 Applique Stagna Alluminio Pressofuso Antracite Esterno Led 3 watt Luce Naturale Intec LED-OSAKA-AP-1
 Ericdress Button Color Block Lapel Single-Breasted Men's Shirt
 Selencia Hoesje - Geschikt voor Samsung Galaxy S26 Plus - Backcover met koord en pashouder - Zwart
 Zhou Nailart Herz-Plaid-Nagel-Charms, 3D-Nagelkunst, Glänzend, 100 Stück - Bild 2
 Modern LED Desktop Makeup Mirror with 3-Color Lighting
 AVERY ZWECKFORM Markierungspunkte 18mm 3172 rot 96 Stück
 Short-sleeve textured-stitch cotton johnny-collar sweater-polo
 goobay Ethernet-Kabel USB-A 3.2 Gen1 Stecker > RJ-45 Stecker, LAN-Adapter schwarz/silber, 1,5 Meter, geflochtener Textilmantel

****

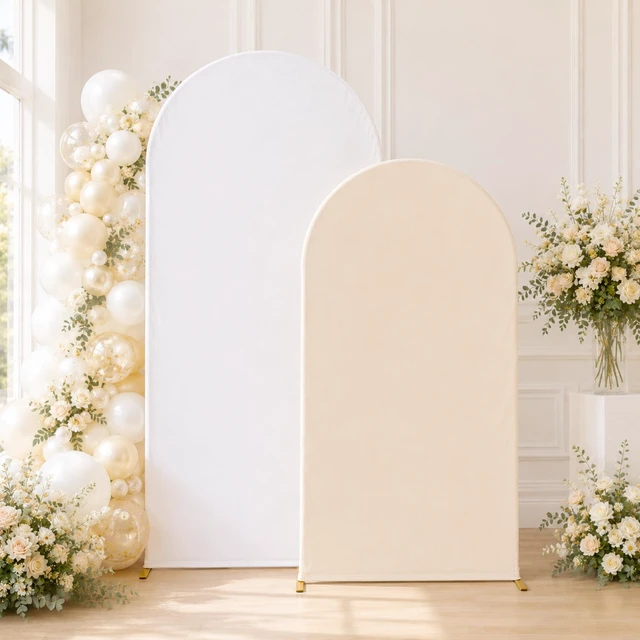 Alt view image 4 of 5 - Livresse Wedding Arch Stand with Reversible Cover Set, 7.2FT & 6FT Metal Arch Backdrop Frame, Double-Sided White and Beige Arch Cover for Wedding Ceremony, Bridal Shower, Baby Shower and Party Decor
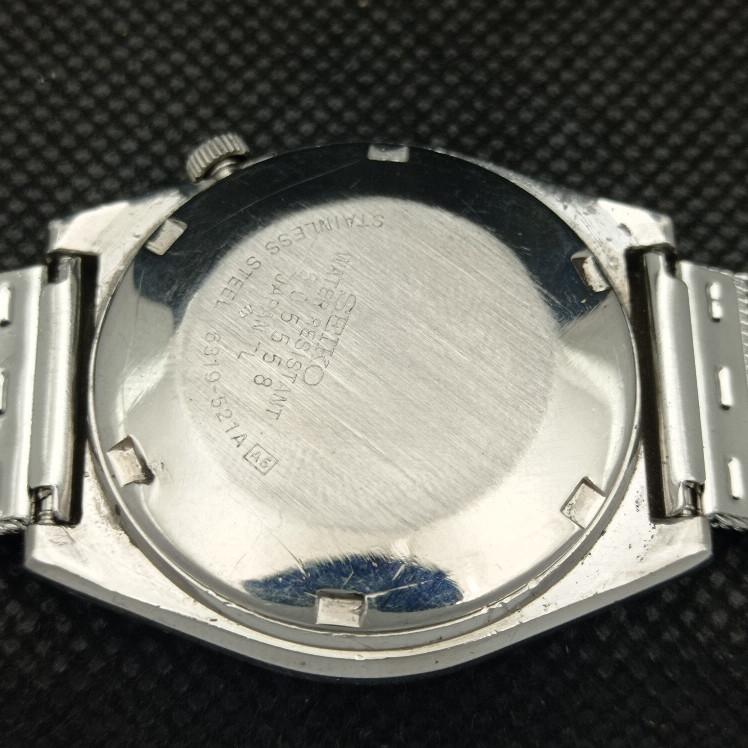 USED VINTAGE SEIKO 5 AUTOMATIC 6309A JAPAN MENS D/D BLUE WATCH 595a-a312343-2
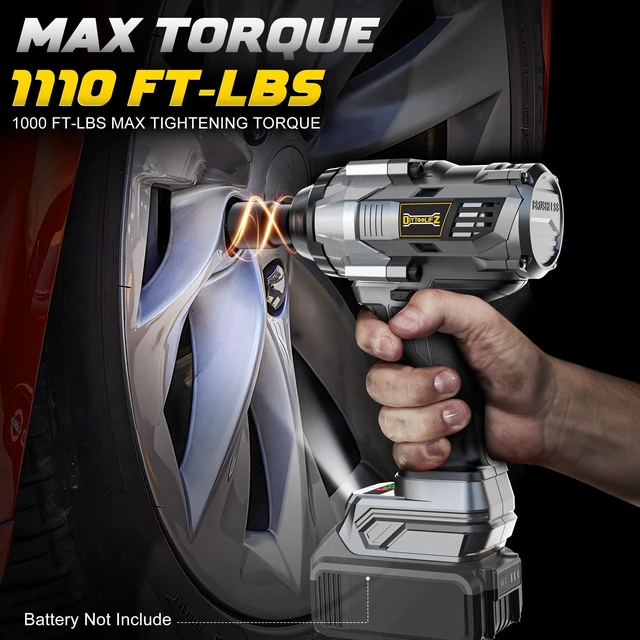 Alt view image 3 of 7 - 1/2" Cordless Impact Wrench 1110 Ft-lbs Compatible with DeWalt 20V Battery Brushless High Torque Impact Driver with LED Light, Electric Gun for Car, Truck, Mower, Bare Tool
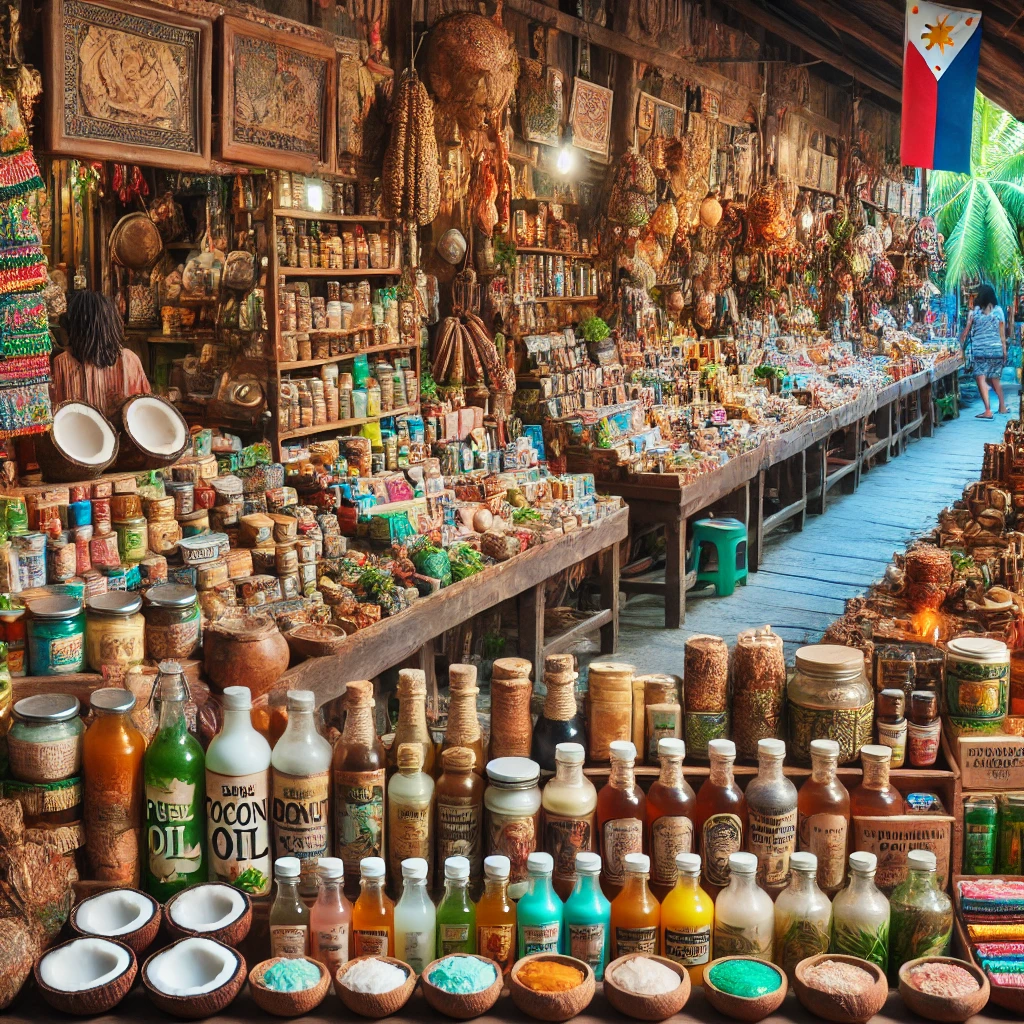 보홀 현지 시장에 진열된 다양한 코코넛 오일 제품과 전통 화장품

****

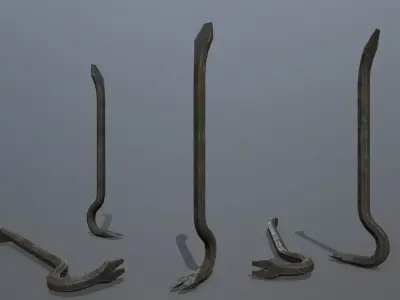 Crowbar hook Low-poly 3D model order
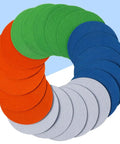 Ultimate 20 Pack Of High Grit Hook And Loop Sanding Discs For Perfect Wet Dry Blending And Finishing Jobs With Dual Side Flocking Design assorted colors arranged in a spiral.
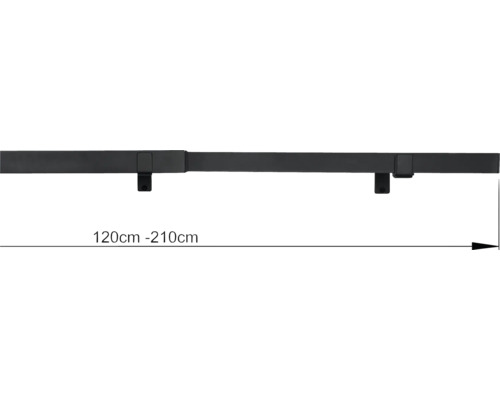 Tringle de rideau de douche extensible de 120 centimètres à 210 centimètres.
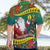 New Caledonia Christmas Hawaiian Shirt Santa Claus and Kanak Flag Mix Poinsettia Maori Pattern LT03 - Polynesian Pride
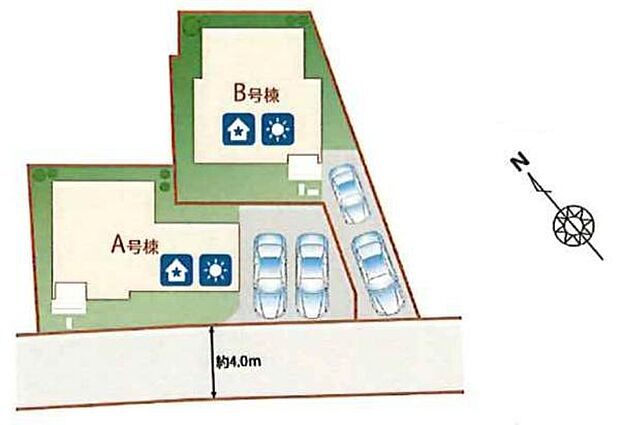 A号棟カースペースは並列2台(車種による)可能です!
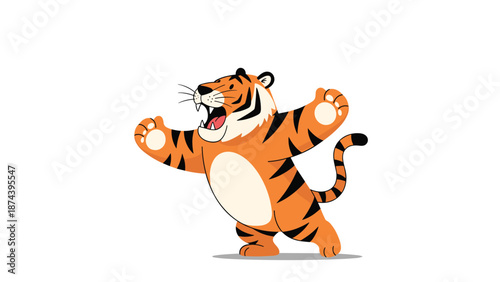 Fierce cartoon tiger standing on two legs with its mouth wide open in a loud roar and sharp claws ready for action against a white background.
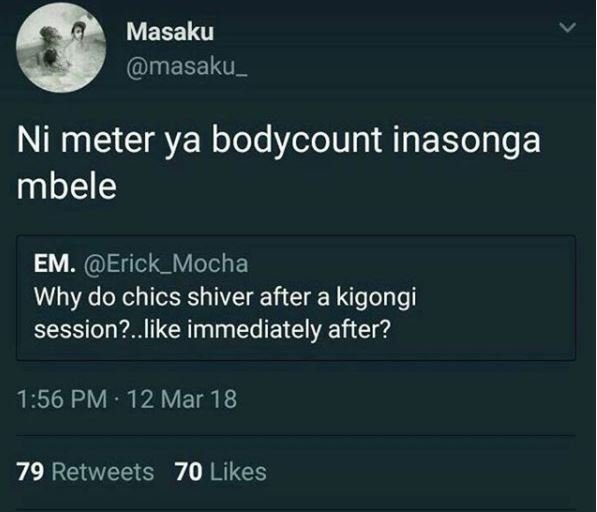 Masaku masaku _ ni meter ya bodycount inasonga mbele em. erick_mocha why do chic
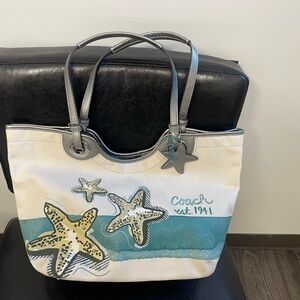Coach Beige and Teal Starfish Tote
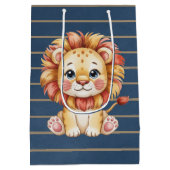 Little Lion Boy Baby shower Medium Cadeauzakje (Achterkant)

****

Given the entries above, transcribe exactly the lines from the one holding "Fierce cartoon tiger" through the one holding "Little Lion Boy"; pictures do not belong in the transcription.

 Fierce cartoon tiger standing on two legs with its mouth wide open in a loud roar and sharp claws ready for action against a white background.
 Masaku masaku _ ni meter ya bodycount inasonga mbele em. erick_mocha why do chic
Coach Beige and Teal Starfish Tote
 Little Lion Boy Baby shower Medium Cadeauzakje (Achterkant)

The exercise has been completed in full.